"https" in blockchain: Verifiable Formal Verification of Smart Contracts

nrryuya · October 29, 2018, 7:39pm

TL;DR

We propose a protocol of verifiable formal verification of smart contracts, which provides a way for wallet apps, dapp browsers and even smart contracts to know whether a target contract is secure and satisfies certain specifications by SN[T]ARKs over formal verification. This would be a “https” in blockchain.

We discuss the use-cases, spec of protocols and technical challenges to realize this here omitting some parts for brevity. See this report for the omitted parts.

Version

0.2

Authors

LayerX Inc. R&D Team
Ryuya Nakamura ([email protected])
Osuke Sudo ([email protected])
Takeshi Yoneda ([email protected])
Takayuki Jimba ([email protected])

1 Overview

1.1 Background

Currently, formal verification of smart contracts is executed in each computers. If someone formally verified some contracts, you have no way to verify that without executing the program of formal verification by yourself. Otherwise, all you can do is to trust the person who did the formal verification. Moreover, there is no way for a smart contract to judge whether the other contract is formally verified or not.

We propose a protocol to prove on-chain that a contract has been formally verified and satisfies certain specs with SN[T]ARKs. This protocol provides a way to verify a formal verification in a much less computational cost. Specifically, there are two types of benefits:

(1) Smart contracts can judge whether the other contract it’s about to call satisfy certain specs or not by themselves.

(2) Light clients like mobile apps can see whether the certain contract satisfy certain specs.

In other words, this protocol provides “https” in blockchain. Of course this doesn’t assure 100% that there would be no hacks but give some degree of security.

1.2 Abstract of protocol

In this protocol, a verifier contract(Verifier contract) verifies the SN[T]ARKs proof that proves a given EVM bytecode(i.e. ‘target’ contract) satisfies some set of specifications. If the verification succeeds, the verifier contract stores the target contract’s address or hash of its bytecode onto the storage. The number of verifier contracts corresponds to that of specifications they prove. If users or other contracts want to know whether a certain contract satisfies some specification, they could ask the corresponding verifier contract about it.

1.3 Use-cases

Here we provide examples of use-cases regarding each type of the benefits described in section 1.1.

(1) Crypto collateral system without vulnerable tokens
In some financial protocols like stable coins (e.g. Maker[1] and Reserve[2]) or derivatives (e.g. Dharma[3]), crypto assets including not only ether but also ERC20 tokens are used as a collateral. Even though these protocols handle the case when the price of such collaterals drop, if the contract on which these collateral assets based had bugs, like famous integer overflow or reentrancy, it could cause black swans and entire system might be broken.
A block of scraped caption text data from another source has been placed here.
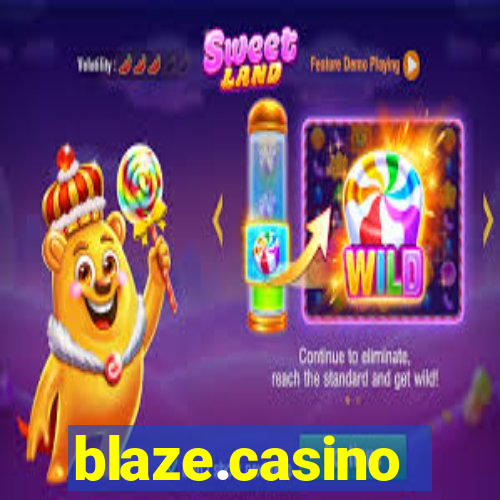 blaze.casino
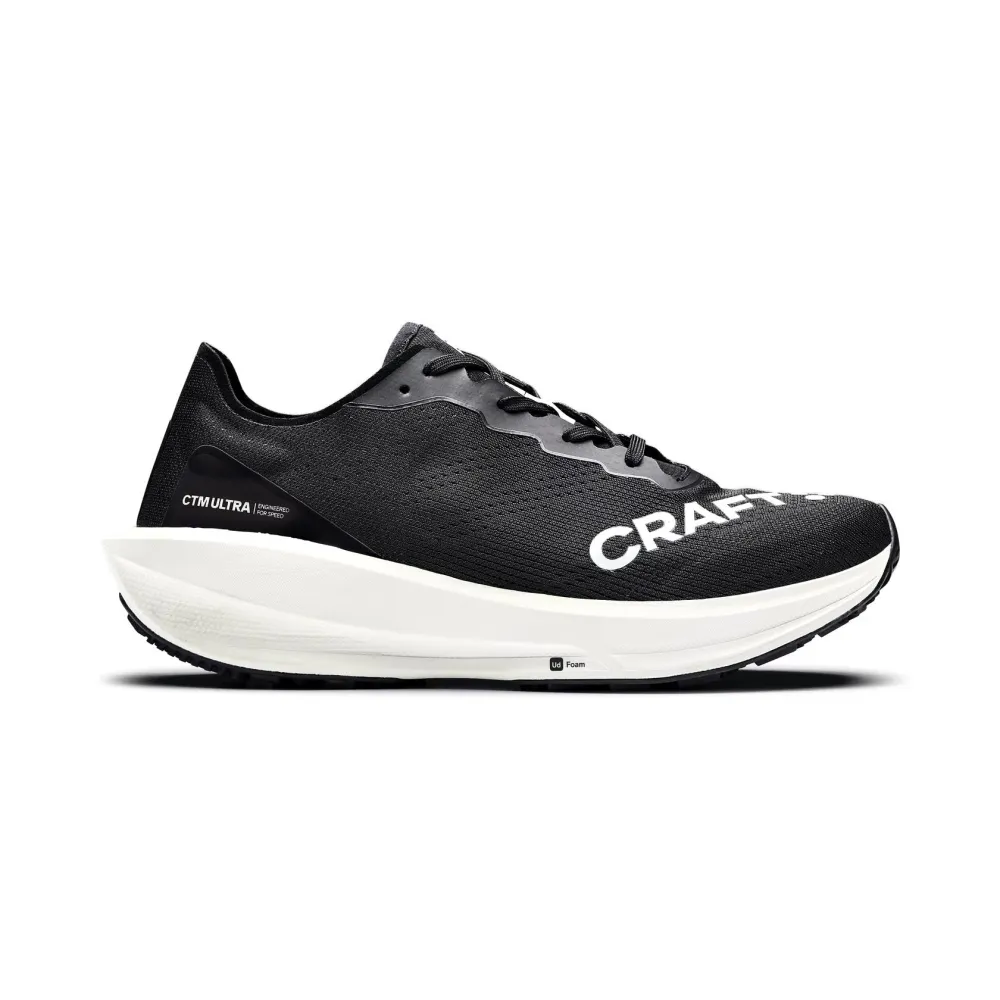 Craft CTM Ultra 2 1912181-999900 / schwarz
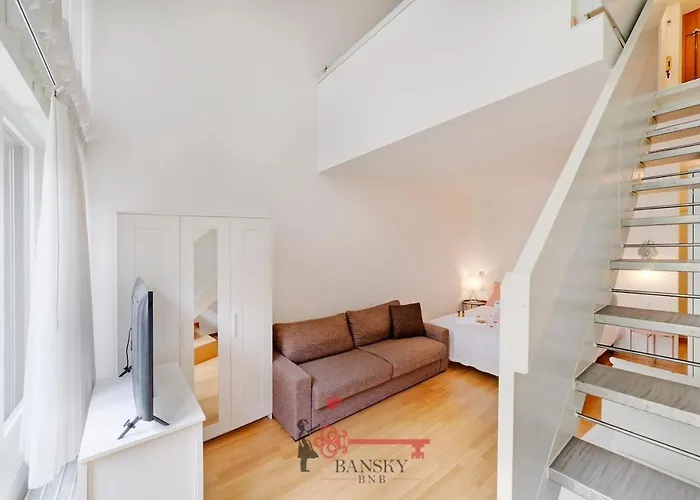 Center - For 6 People With Terrace -by Easylife Swiss Apartamento Lugano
This kinds of black swans would be removed if the system contracts of these protocols prevented from using tokens whose contracts are not formally verified from being included as collateral.
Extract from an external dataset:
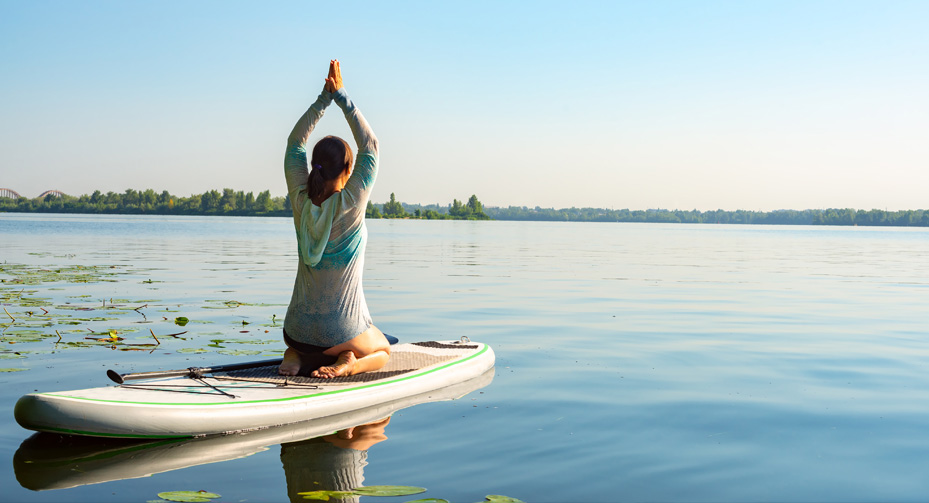 sup_yoga_02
(2) Secure wallet apps or dapp browsers
Wallet apps or dapp browsers can protect users from using vulnerable contracts using (above mentioned) verification contracts. This is not limited to the check of such famous vulnerabilities like overflow. We think Layer 2 protocol like Plasma and state channel would have standards in the future. For example, L4 and Celer team are working together on the standardization of state channel[4]. These standards would be written as a formal specification amenable to formal verification. (see our experimental project[17] of formal verification of Plasma contracts with KEVM[5].) Therefore, with the protocol propose, wallet apps or dapp browsers can raise warning for users to tell the Plasma/state channel contracts are compliant with these standards.(e.g. “WARNING: This Plasma Cash contract is not standards-compatible.”)

2 Methodology

2.1 SNARKs over formal verification

We intend to use SNARKs as a non-interactive proof system because the proof size is so small and will fit well to the blockchain.
The proof size of SNARKs is only 288 bytes for 128 bits of security [6] [7] or approximately 131 bytes [8].

STARKs has advantage features over SNARKs like non-setup and proving cost, so we are also planning to use STARKs as a proof system in the future.
But here, we will discuss especially in the case of SNARKs.

The verifier contract needs to be deployed in advance by the setup phase.

In the frontend, formal verification program is executed by RAM (random-access machine) which is general computational models, and the process generates the circuits for SNARKs.

In the backend, the generated circuits and the RAM are used for the SNARKs. The setup as a pre-processing generates the proving key and the verification key that are used in proving and verifying respectively.

Only if the prover passes the formal verified bytecode, the proof which is sent from the prover to the verifier will be accepted and return true by the verifier contract.
The fact will notify to the dapp browsers or be called by other contracts.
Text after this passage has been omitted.